4e question : substitution d’un capital à une prestation compensatoire fixée sous forme de rente

Le législateur a prévu des hypothèses de substitution d’un capital à une prestation compensatoire fixée sous forme de rente viagère. Deux cas de substitution :

  • Substitution non automatique

Art. 276 4 C.civ : à tout moment, le débiteur d’une prestation compensatoire fixée sous forme d’une rente peut saisir le juge d’une demande de substitution d’un capital à la rente. La même possibilité est offerte au créancier, mais il doit être en mesure d’apporter la preuve que la situation du débiteur a évolué et qu’il est en mesure de verser le capital.

  • Substitution automatique

Art. 280 C.civ : au décès du débiteur d’une prestation compensatoire fixée sous forme de rente viagère, un capital immédiatement exigible se substitue à cette rente.

Art. 280-1 C.civ : toutefois, les héritiers peuvent décider de continuer à servir la rente.

Avantages dont bénéficie le débiteur :

  • en cas de substitution non automatique, l’art. 199 octodecies accorde au débiteur le bénéfice de la réduction d’impôt sur le revenu. Mais le montant maximum de la réduction d’impôt sur le revenu est toujours inférieur à 7 625 €.

  • en cas de substitution automatique, les héritiers ne peuvent pas bénéficier de la réduction d’impôt sur le revenu (art. 199 octodecies). Ils ne peuvent pas non plus déduire le montant des versements de leur revenu brut global, puisque c’est un capital.

5e question : plus-values immobilières consécutives au divorce

Le versement d’une prestation compensatoire est un acte à titre onéreux.

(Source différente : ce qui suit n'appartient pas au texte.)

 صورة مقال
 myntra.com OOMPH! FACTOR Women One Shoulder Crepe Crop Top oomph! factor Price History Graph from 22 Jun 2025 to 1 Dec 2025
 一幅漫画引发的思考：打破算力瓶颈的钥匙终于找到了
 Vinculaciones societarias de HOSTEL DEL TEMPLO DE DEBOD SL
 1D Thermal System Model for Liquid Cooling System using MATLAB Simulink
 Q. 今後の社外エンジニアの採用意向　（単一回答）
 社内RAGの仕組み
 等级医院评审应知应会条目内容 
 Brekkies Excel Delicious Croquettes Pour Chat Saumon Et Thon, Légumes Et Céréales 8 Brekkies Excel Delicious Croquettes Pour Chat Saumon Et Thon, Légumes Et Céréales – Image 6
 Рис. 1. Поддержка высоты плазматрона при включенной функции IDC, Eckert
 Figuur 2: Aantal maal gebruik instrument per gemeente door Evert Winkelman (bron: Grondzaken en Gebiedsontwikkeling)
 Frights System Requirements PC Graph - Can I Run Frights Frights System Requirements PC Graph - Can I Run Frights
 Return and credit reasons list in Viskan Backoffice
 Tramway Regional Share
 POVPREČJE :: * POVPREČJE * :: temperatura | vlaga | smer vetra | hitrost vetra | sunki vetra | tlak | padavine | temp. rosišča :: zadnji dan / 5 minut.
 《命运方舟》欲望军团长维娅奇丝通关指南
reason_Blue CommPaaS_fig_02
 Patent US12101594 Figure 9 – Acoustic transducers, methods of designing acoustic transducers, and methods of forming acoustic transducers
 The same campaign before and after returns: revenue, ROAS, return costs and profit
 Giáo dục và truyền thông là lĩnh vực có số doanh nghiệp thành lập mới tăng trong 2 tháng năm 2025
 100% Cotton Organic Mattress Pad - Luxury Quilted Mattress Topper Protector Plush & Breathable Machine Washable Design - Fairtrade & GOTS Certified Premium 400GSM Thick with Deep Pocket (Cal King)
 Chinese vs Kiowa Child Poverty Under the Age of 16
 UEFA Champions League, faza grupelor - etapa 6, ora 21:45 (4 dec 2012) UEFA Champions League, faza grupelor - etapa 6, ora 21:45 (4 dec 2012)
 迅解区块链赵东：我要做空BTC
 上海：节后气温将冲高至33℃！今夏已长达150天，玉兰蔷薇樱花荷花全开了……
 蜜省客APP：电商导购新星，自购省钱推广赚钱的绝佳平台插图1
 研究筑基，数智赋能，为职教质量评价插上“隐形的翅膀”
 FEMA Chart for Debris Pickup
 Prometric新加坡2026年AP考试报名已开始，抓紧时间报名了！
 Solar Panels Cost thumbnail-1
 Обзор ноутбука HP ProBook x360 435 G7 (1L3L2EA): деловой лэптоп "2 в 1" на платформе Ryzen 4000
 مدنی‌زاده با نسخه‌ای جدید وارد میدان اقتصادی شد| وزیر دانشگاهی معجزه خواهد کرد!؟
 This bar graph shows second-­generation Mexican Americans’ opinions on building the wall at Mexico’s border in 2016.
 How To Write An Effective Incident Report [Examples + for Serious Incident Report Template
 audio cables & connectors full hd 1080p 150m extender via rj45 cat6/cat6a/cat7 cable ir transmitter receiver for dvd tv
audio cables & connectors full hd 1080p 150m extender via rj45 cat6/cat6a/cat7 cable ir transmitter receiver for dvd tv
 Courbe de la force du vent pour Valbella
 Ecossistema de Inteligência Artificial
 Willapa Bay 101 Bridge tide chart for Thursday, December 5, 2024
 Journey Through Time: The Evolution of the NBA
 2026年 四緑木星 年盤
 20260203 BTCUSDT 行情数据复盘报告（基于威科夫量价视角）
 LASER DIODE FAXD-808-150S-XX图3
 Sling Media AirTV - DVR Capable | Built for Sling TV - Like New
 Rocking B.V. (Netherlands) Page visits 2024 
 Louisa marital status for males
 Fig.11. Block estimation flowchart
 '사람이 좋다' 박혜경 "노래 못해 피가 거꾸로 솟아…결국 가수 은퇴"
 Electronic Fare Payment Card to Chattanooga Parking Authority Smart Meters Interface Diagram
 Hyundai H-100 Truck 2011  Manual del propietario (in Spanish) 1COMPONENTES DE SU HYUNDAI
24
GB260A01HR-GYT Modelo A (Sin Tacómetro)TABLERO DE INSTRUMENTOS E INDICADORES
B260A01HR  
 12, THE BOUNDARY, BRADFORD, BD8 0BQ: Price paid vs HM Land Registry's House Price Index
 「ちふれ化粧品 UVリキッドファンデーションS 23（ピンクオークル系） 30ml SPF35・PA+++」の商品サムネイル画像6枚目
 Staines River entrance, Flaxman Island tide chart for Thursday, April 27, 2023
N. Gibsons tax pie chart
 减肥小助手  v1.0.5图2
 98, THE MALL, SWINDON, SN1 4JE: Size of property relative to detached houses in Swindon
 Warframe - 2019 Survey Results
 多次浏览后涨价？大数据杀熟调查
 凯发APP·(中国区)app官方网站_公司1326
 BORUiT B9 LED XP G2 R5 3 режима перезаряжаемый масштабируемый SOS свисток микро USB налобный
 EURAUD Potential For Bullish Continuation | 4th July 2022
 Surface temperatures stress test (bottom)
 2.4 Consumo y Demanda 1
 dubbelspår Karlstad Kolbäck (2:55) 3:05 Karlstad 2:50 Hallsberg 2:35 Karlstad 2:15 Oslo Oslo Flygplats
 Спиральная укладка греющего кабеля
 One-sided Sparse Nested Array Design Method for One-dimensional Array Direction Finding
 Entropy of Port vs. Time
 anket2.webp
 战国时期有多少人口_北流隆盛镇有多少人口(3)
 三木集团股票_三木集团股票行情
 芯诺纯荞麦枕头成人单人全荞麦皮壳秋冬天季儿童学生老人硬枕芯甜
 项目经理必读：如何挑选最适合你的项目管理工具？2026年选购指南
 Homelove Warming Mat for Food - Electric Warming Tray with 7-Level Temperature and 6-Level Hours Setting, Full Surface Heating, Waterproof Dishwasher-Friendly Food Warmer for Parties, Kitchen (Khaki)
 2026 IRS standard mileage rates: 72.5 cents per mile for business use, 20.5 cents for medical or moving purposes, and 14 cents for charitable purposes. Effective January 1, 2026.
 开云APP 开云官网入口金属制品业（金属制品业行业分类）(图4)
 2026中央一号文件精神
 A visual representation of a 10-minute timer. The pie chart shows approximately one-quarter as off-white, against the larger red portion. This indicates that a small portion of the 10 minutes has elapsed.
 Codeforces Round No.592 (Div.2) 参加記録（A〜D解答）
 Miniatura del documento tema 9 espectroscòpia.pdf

Lorsque la prestation compensatoire est versée sous forme d’un capital (attribution de biens ou de droits), cela peut avoir pour effet de dégager une plus-value. Aucun prix de vente ne sera encaissé mais un impôt sur la plus-value sera tout de même dû (impôt sur les revenus et prélèvements sociaux). Le versement de la prestation compensatoire constitue le fait générateur de la plus-value réalisée par le débiteur de la prestation compensatoire.

Le créancier devient propriétaire au jour de l’acte constant le paiement de la prestation compensatoire et pour la valeur du ou des biens remis à cette date.